PROBLEM :: Exact repetition of a range: find the line containing "1768482999WhatsApp Image 2026-01-12" and the line containing "3 bedroom semi-detached" in the material below, then repeat both and all lines between them, leaving pictures out.

INPUT DATA ::

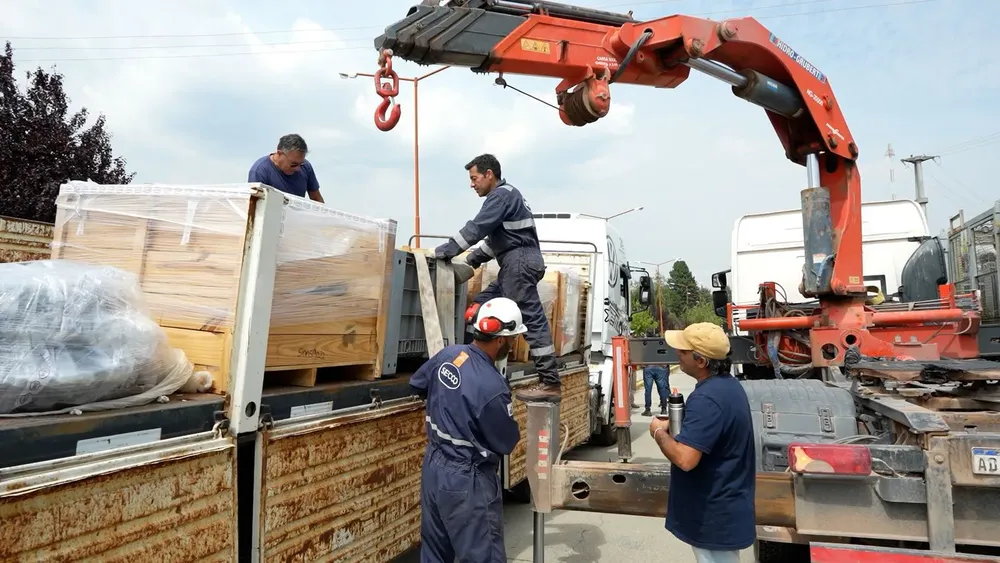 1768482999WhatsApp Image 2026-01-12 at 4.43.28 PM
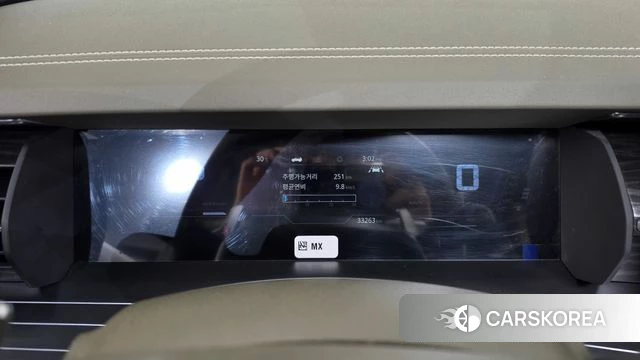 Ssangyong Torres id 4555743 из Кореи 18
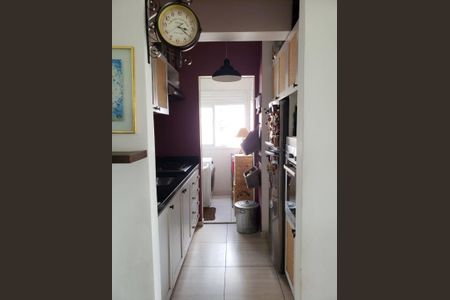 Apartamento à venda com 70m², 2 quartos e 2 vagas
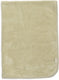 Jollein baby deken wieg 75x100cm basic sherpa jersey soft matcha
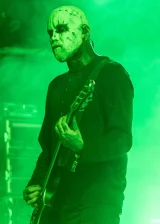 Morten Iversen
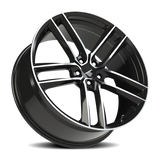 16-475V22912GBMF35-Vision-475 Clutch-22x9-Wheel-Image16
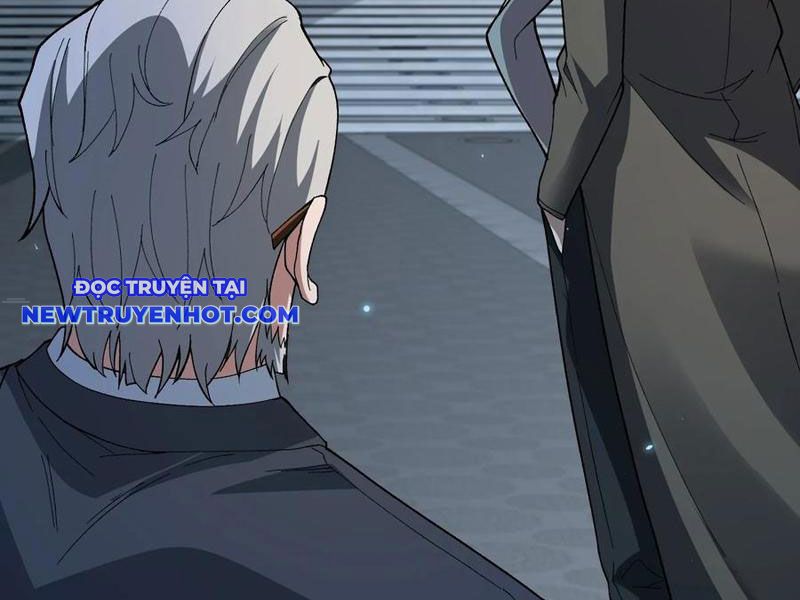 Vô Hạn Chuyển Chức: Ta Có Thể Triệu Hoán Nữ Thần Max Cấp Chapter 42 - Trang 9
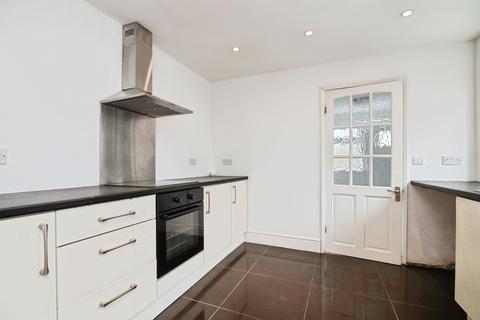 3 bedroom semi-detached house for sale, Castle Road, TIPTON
--
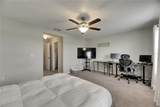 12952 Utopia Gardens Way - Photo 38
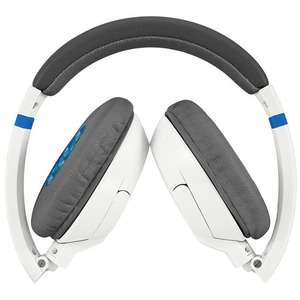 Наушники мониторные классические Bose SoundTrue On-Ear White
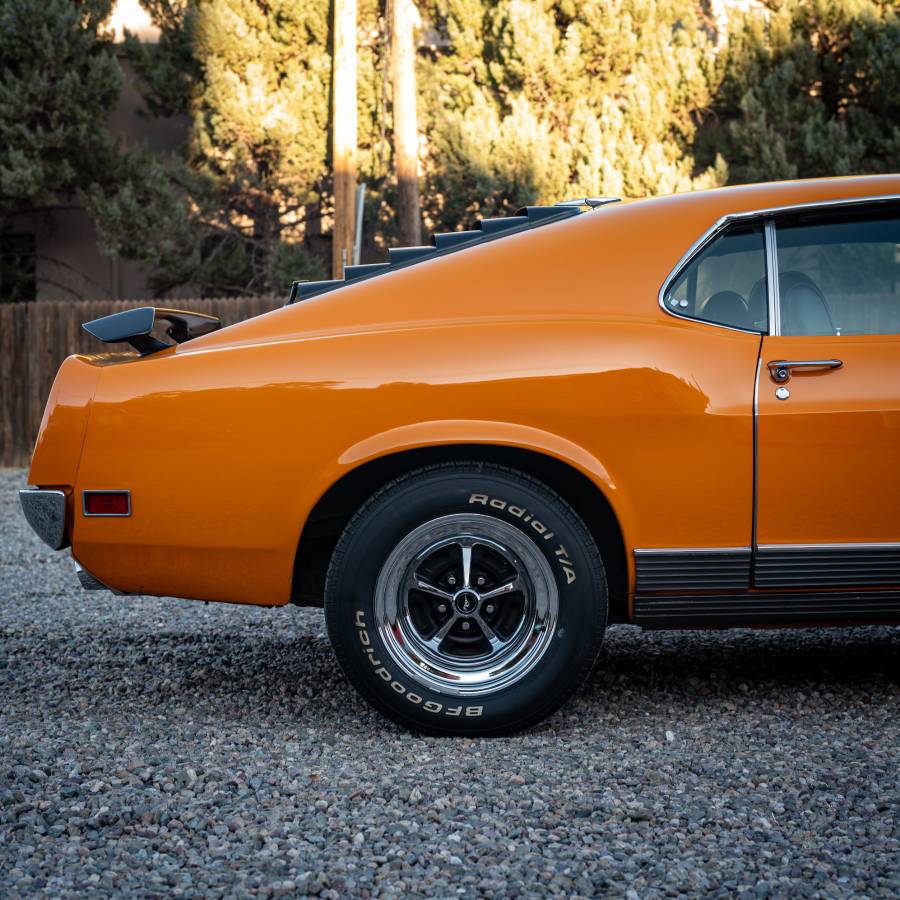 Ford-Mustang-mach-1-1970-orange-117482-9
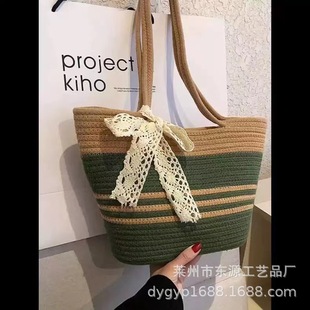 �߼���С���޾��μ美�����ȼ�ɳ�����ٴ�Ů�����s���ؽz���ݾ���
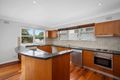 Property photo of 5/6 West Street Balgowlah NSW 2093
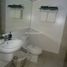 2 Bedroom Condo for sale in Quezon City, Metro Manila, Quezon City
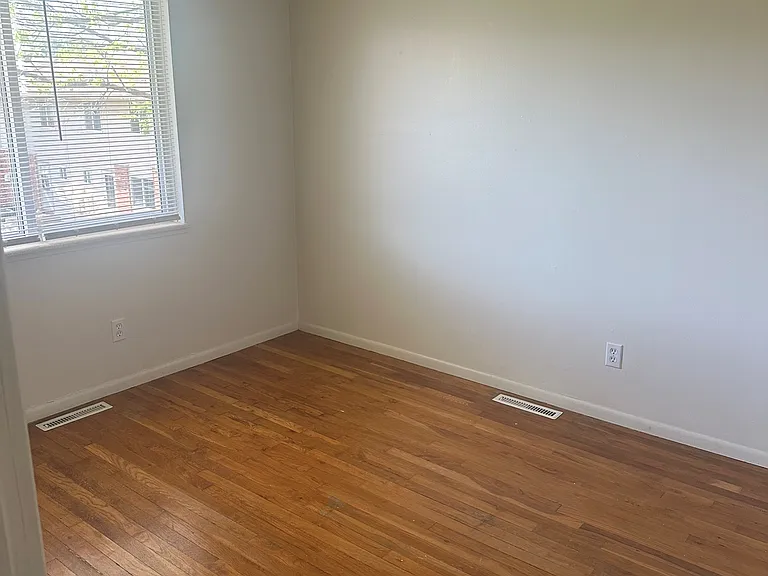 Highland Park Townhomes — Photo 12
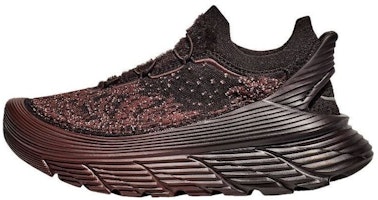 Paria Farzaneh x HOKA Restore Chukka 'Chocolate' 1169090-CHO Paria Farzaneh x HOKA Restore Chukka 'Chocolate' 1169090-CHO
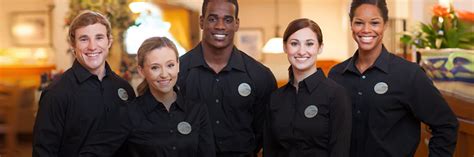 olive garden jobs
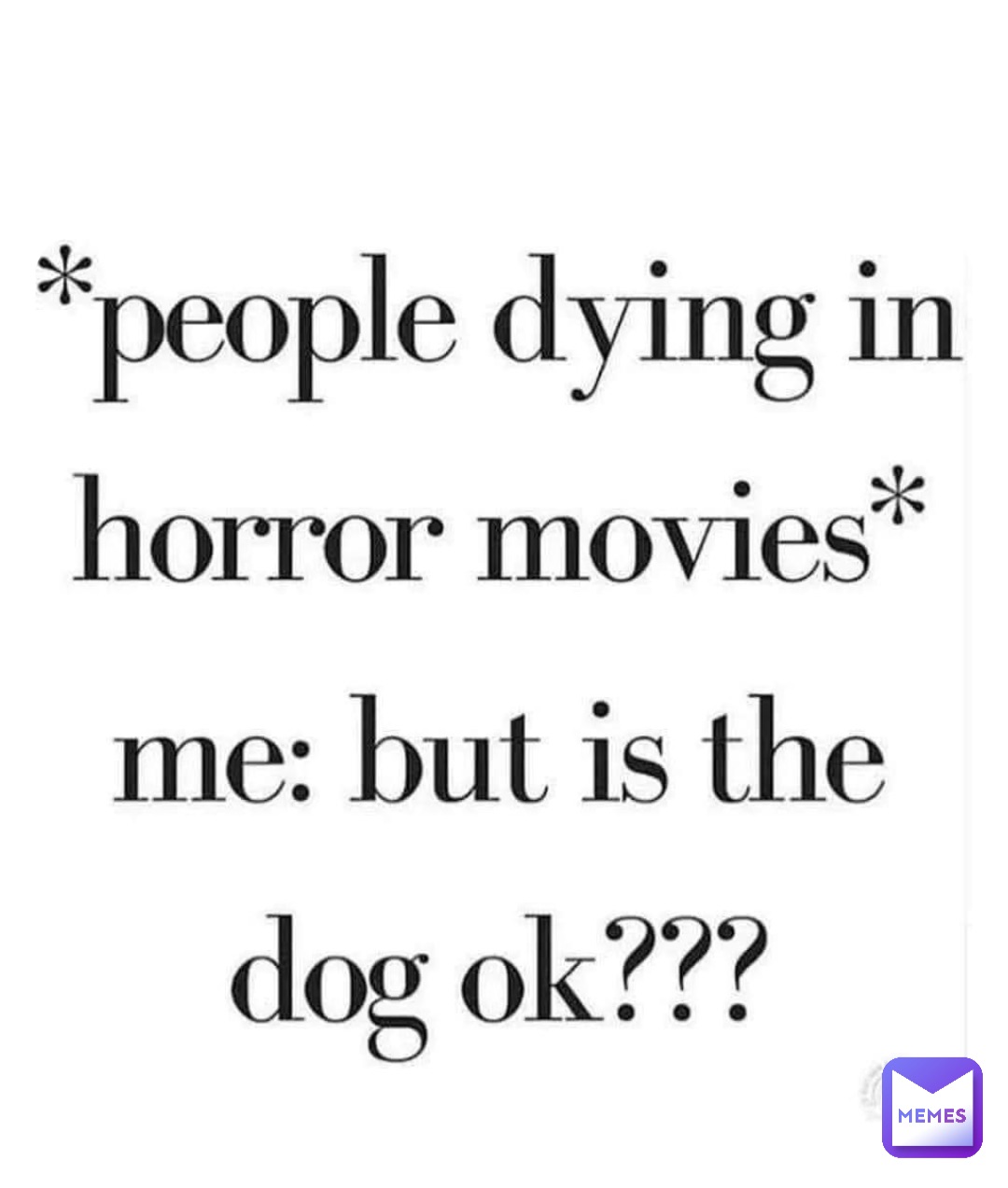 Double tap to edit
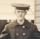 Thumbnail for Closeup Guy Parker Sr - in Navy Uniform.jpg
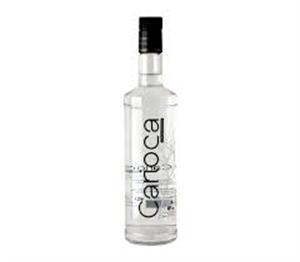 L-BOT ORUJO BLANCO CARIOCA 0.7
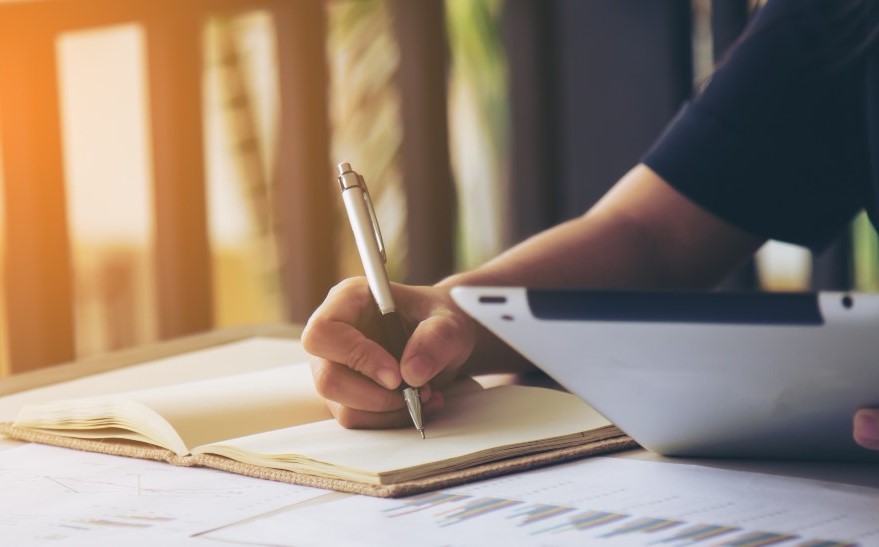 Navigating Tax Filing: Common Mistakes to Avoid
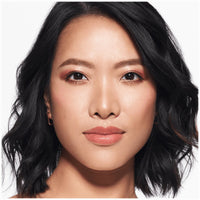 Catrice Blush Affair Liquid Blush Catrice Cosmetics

ANSWER BOX ::
 1768482999WhatsApp Image 2026-01-12 at 4.43.28 PM
 Ssangyong Torres id 4555743 из Кореи 18
 Apartamento à venda com 70m², 2 quartos e 2 vagas
 Jollein baby deken wieg 75x100cm basic sherpa jersey soft matcha
 Morten Iversen
 16-475V22912GBMF35-Vision-475 Clutch-22x9-Wheel-Image16
 Vô Hạn Chuyển Chức: Ta Có Thể Triệu Hoán Nữ Thần Max Cấp Chapter 42 - Trang 9
 3 bedroom semi-detached house for sale, Castle Road, TIPTON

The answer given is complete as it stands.